Thanks for good advice Josh. My knives are pretty varied....gyuto in 270, 240 and 210, yanagi in 240, 150 petty etc. I think 21 would be the right size given I hope to use it for 'in hand' work. I tend to think I'll limit it to specialized work, and to be honest the azumagata style appeals to me more from an aesthetic point of view.


----------



## Mucho Bocho (Apr 20, 2012)

I just pulled the trigger on this Kama-Usuba. It will be here Wednesday. Reviews and porn to follow. Seems like an amazing deal for a Blue#2 Steel Kama-Usuba Knife 210mm that is officially Inspected and Hon-Kasumi from Sakai Ichimonji-Kichikuni. What do you guys think? Its being shipped with a 195 Deba in same configuration. Exciting times. 

http://www.ebay.com/itm/230738170649?_trksid=p5197.c0.m619


----------



## Seth (Apr 20, 2012)

I think spine thickness is something to pay attention to. My ginsanko is thick, the Nenohi is much much bigger but still thinner and so the bevel is much more acute.
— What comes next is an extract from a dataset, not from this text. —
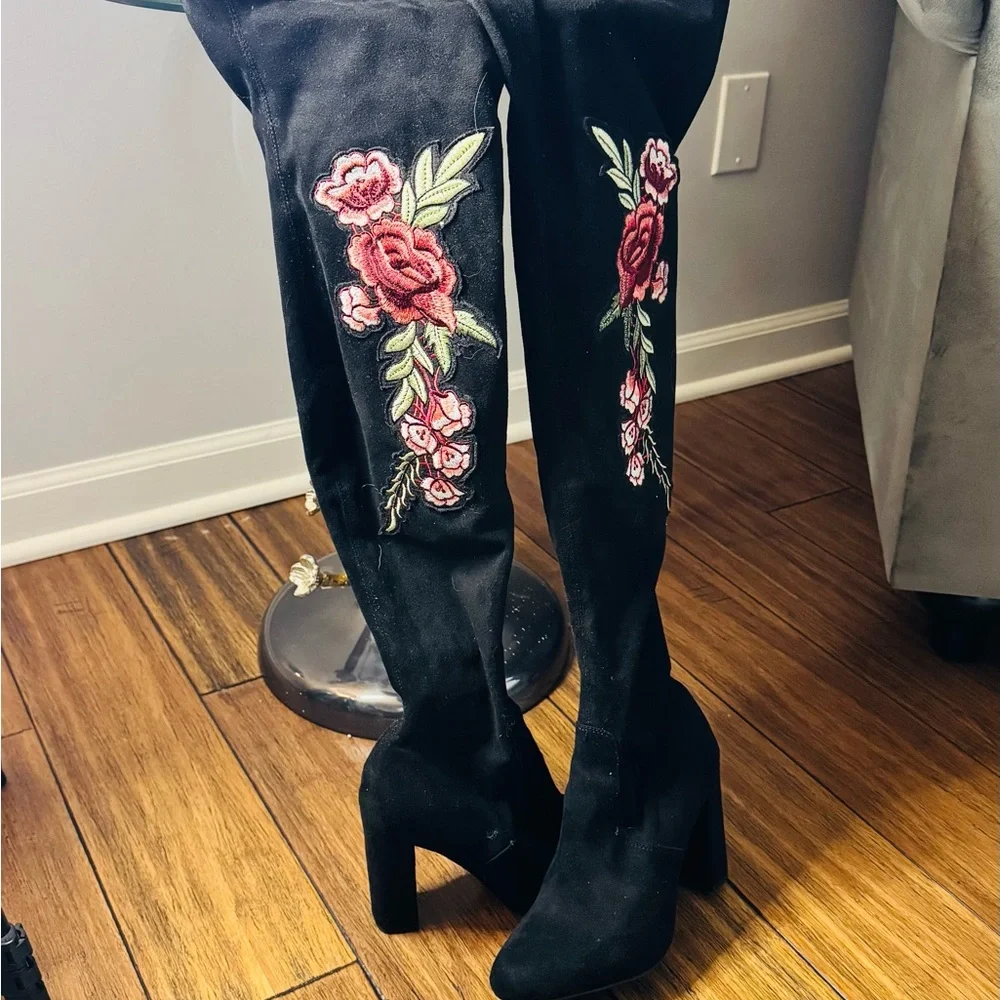 Steve Madden Black Rose Embroidered Over the Knee Faux Suede Boots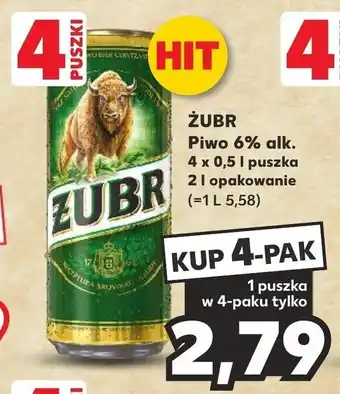 Kaufland ŻUBR Piwo 6% alk. 0,5 l oferta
For in hand and delicate work in general you probably want a thin spine. Suisin does most things toward the robust side which is fine for on the board. When I practice rotary peeling (someday I will learn to spell katsawhosey) I go for the thin Nenohi or even a thin yanagi.


----------



## schanop (Apr 21, 2012)

Any progress Namaxy?

@mucho bocho, show us more knife pics when they arrive. A comment on blade straightness would be helpful to others too. Mine in white #2, usuba was great, straight, well finish, edge retention was so so compared with other better usubas that I have.


----------



## schanop (Apr 21, 2012)

And if we are talking about thickness/spine thickness and tapering. This shigfusa usuba spine shot is pretty darn sexy, I think:


----------



## Seth (Apr 21, 2012)

Are you selling that????


----------



## Eamon Burke (Apr 21, 2012)

:ubersexy:


----------



## JKerr (Apr 21, 2012)

I will vouch for the sexy distal taper on the Shig usuba: 






Josh


----------



## Deckhand (Apr 21, 2012)

Wow really nice. Need to add this to my list of wants!
Not very easy to find on my web quick search.


----------



## Seth (Apr 21, 2012)

Apparently you have to go to Australia to get a single bevel nakiri...


----------



## JKerr (Apr 21, 2012)

Yeah, I think I got pretty lucky. I was just browsing the usual sites after work one night and while checking Aframes the two Shigs were added to his listings whilst I was flicking through his categories. At the time I wasn't actually interested in adding another usuba to my kit, but I'd always thought a 24cm usuba would be cool (and they seem to be pretty damn rare) and I'd been eager to try a Shig so it seemed like too good an opportunity to pass up. Very reasonable pricing too, I've got a bit of a crush on Aframes at the moment, great site.

Cheers,
Josh


----------



## SameGuy (Apr 21, 2012)

Hubba hubba!

Schanop: any possibility you can post similar pics of your other usubas for comparison? That white 2 Ichi-Kichi with which you got lucky has me quite intrigued.


----------



## schanop (Apr 21, 2012)

@seth, no, not setting this baby. It was one of my most recent acquisition.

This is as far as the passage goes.